What’s significant about the installation is that workers first needed to remove concrete blocks that had sealed shut the massive window openings. When finished, the 105-year-old building will feature 150 industrial-designed windows to help restore its original look.
The former Litho Press building (top right) is receiving a $16 million rehab from local developers The Whitsett Group and Ambrose Property Group. The project, known simply as 800 North Capitol Apartments, should be completed by the end of the year and will include 111 units.
Perhaps even more significant is that the redevelopment is just one of several projects that could help transform a three-block stretch of North Capitol.
Across the street, buyers of the ill-fated Di Rimini apartment project could present plans to salvage the building to city officials within the next few weeks, co-owner Mike Cunningham said.
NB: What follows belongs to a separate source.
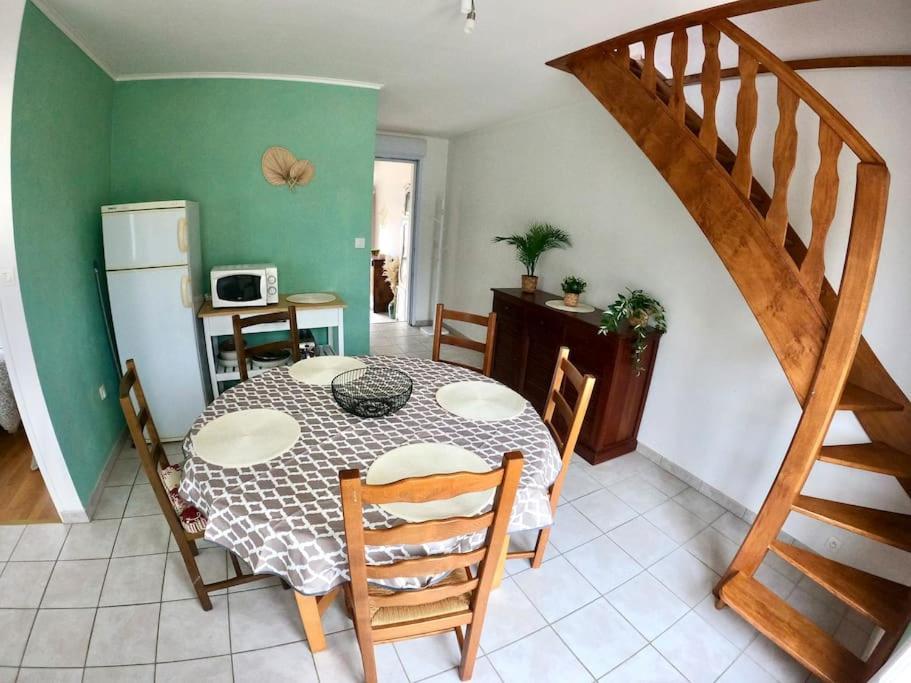 Maison *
City officials halted Di Rimini three years ago because of numerous code violations.
Cunningham, a local restaurateur, and contractor Patrick Heitz purchased the vacant 31-unit complex at 733 N. Capitol Ave. in late March from Louisville-based Stock Yards Bank & Trust for $700,000. The bank took ownership of the building last year after foreclosing on a $2.8 million loan to the original developer.
At 720 N. Capitol Ave., a second story is being added to a building (right) that will be occupied by Rowland Design Inc. The local design firm plans to move from its current digs in Lockerbie Square at 701 E. New York St. in October to the building on North Capitol, where it will take the entire 11,200 square feet.
Loftus Robinson Development purchased the building, which formerly housed an ADT call center, in March.
And farther north, at 922 N. Capitol Ave., the longtime owners of Capitol Clutch are retiring and selling their building through a sealed-bid process with a deadline of Sept. 10.
The ugly, one-story metal building has sparked a lot of curiosity, said Ray Simons, a Cassidy Turley broker with the listing.
“The reason they chose an auction is because over the years they’ve had multiple parties that have expressed their interest,” he said. “We all decided what better way to maximize the value of the property than to create a competitive environment for bidding.”